This application claims the benefit of Taiwan application Serial No. 96141175 filed Nov. 1, 2007, the subject matter of which is incorporated herein by reference.

BACKGROUND OF THE INVENTION

1. Field of the Invention

The invention relates to a measurement method, and more particularly to a measurement system for measuring the oxygenated hemoglobin saturation level of blood.
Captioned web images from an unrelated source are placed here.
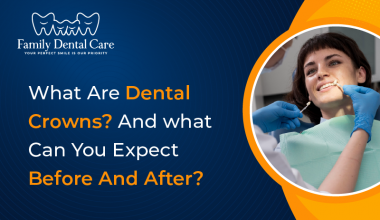 What Are Dental Crowns And what Can You Expect Before And After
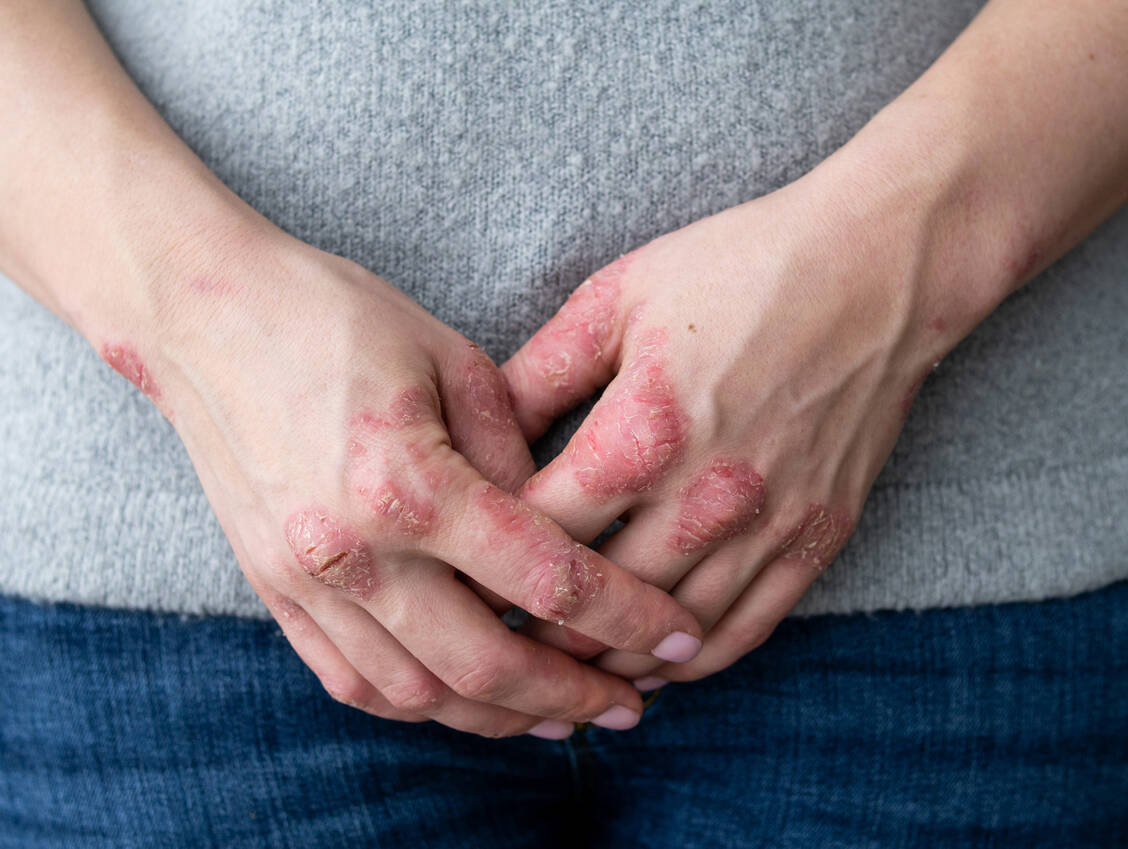 Je nach Schweregrad der Erkrankung muss die Therapie der Schuppenflechte während einer Schwangerschaft angepasst werden. / Foto: Adobe Stock/IIIRusya
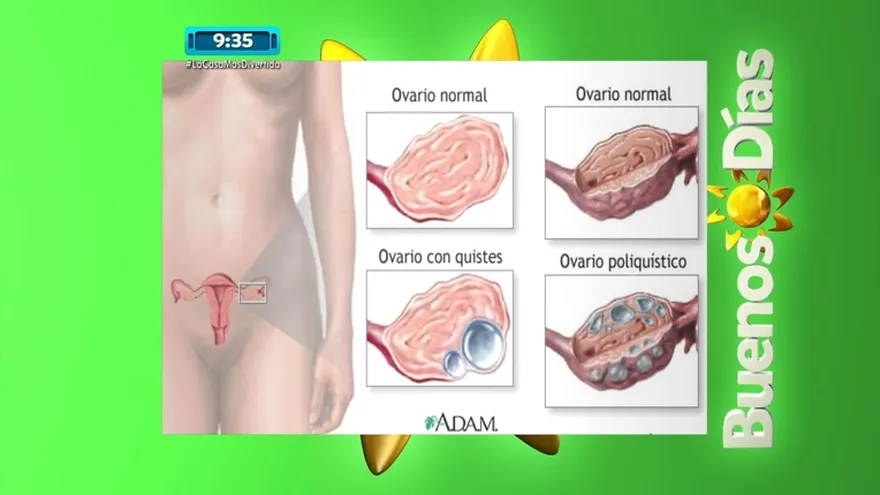 Sufres de hinchazón y dolor en el vientre, sangrado abundante tal vez estés sufriendo de Quistes en los ovarios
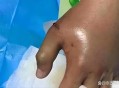被蛇咬反抓蛇再遭咬,被蛇咬反抓蛇再遭咬伤
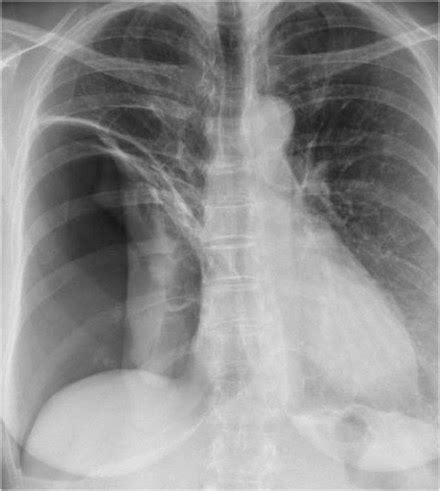 Chest Medicine Made Easy Dr Deepu Basics Of Chest X Ray Part The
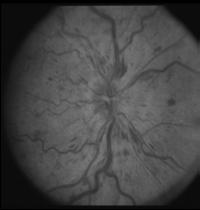 myeloproliferative disorders, anemia Transient Visual Obscurations Optic disc edema
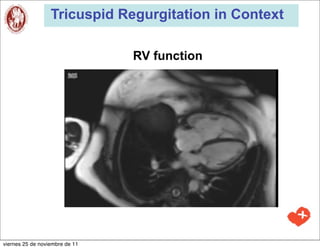 Tricuspid Regurgitation in Context

                                RV function




viernes 25 de noviembre de 11
 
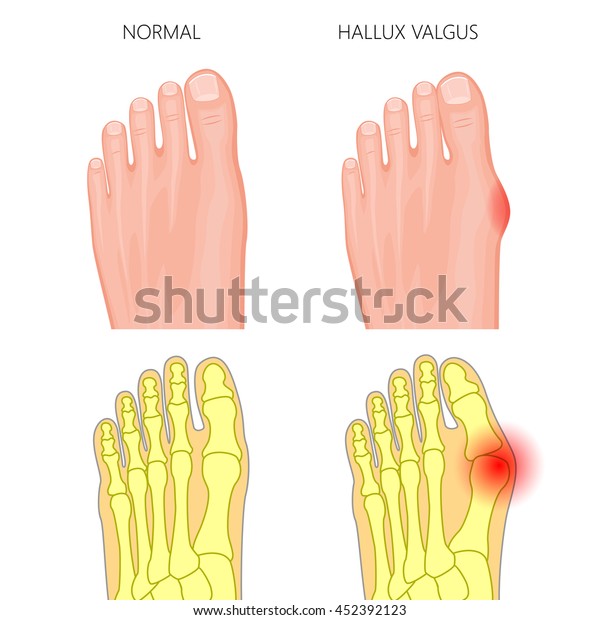 Vector Illustration Normal Foot Hallux Valgus Stock Vector (Royalty ...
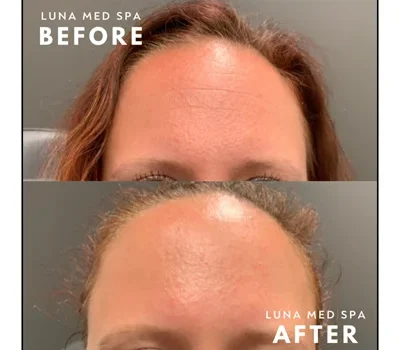 forehead tox by lunamedspaw in Brookfield, WI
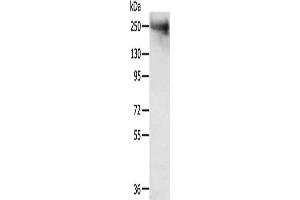 Gel: 6 % SDS-PAGE, Lysate: 40 μg, Lane: Mouse muscle tissue, Primary antibody: ABIN7192726(TACC2 Antibody) at dilution 1/300, Secondary antibody: Goat anti rabbit IgG at 1/8000 dilution, Exposure time: 5 minutes (TACC2 抗体)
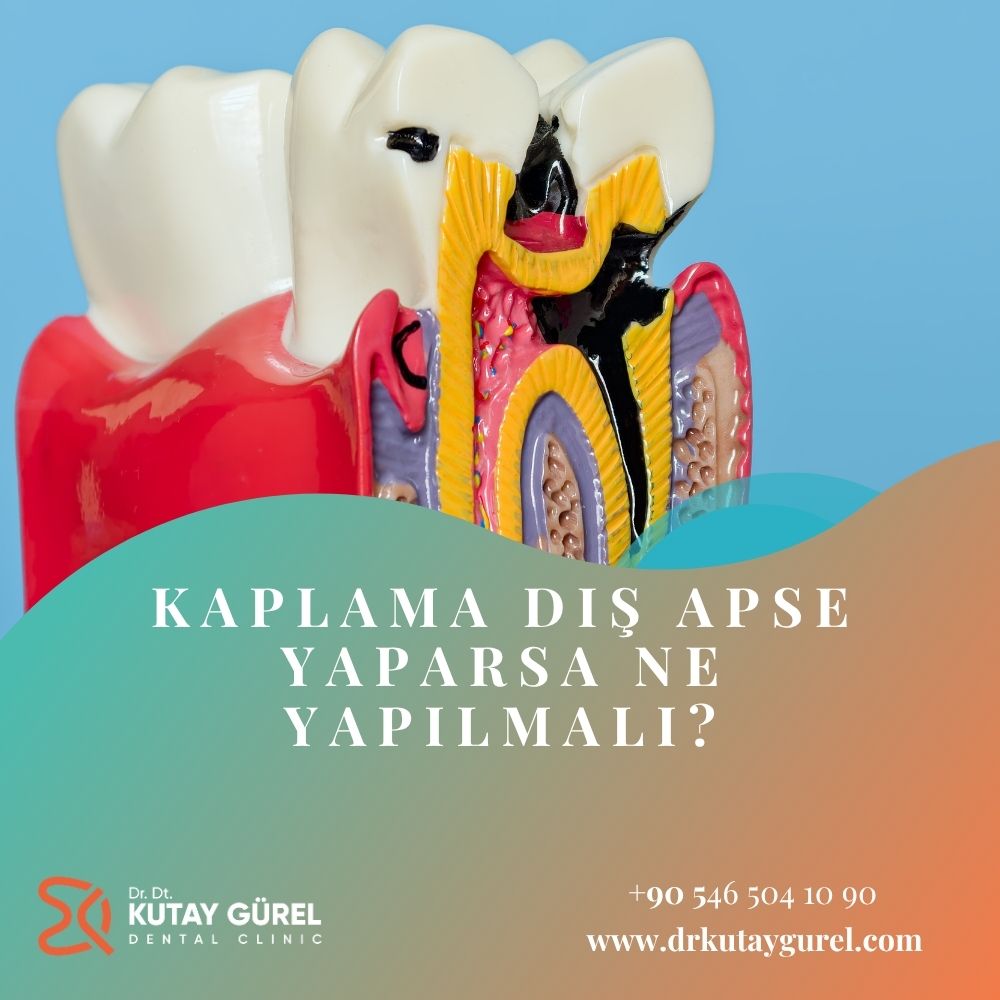 Kaplama Diş Apse Yaparsa Ne Yapılmalı?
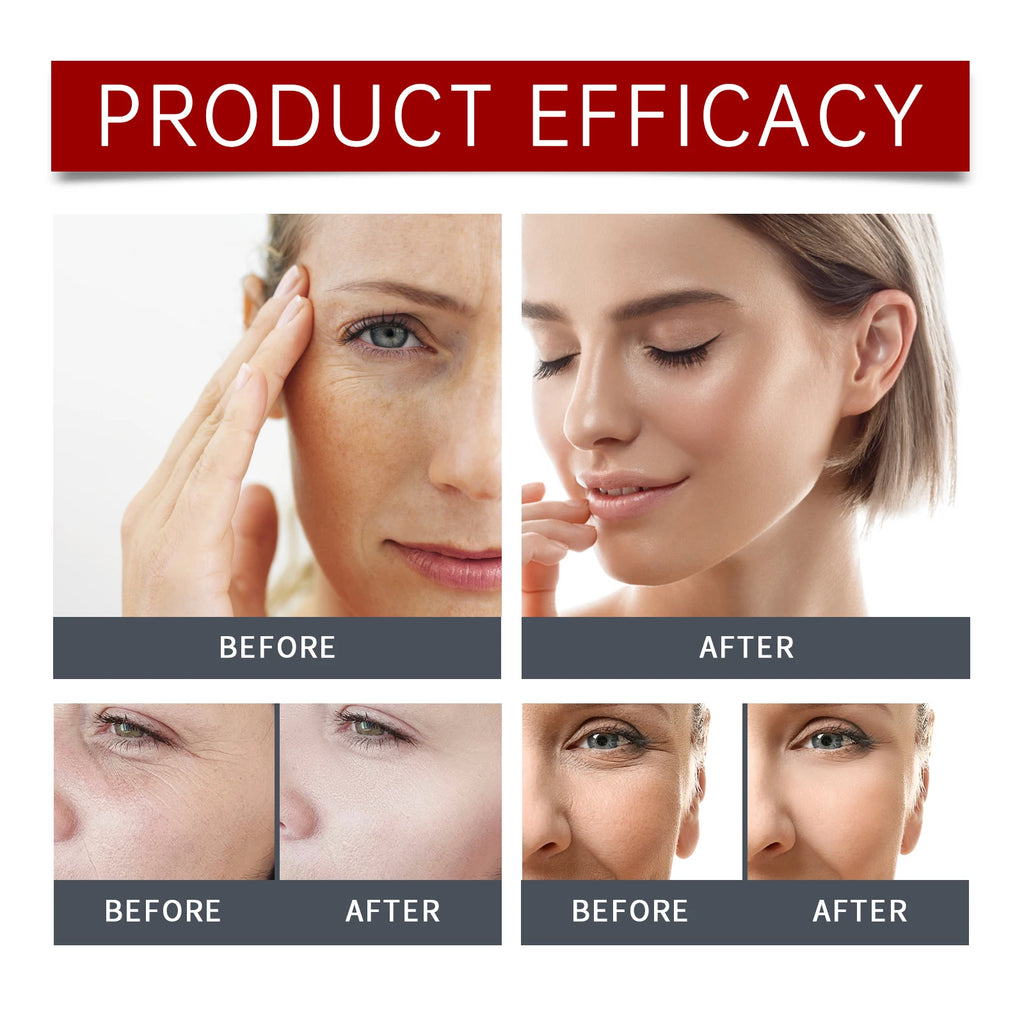 Hoygi Collagen Face Serum 30ml Firming Line Smoothing Essence Golden Button Flower Extract for Youthful Glow Sensitive Skin Zpaxo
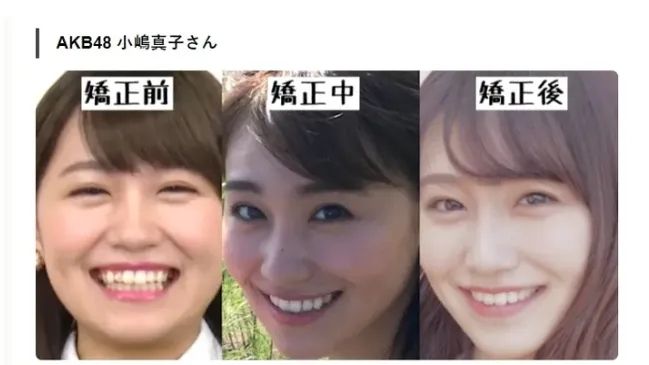 日本女孩的牙，为什么大多不好看？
2. Description of the Related Art

Oxygenated hemoglobin saturation level is an important factor for medical diagnoses. Some studies have provided a conclusion that cancerous tumor is related to the oxygenation level in blood. Since there are proliferous blood vessels near and around cancerous cells, tissue near and around the cancerous cells contains more oxygenated hemoglobin. Currently, several measurement devices are used to monitor the oxygenation level in blood, such as a blood gas analyzer. However, some of these devices measure the oxygenation level in blood by an invasive mode, and some take much time to measure oxygenation level in blood.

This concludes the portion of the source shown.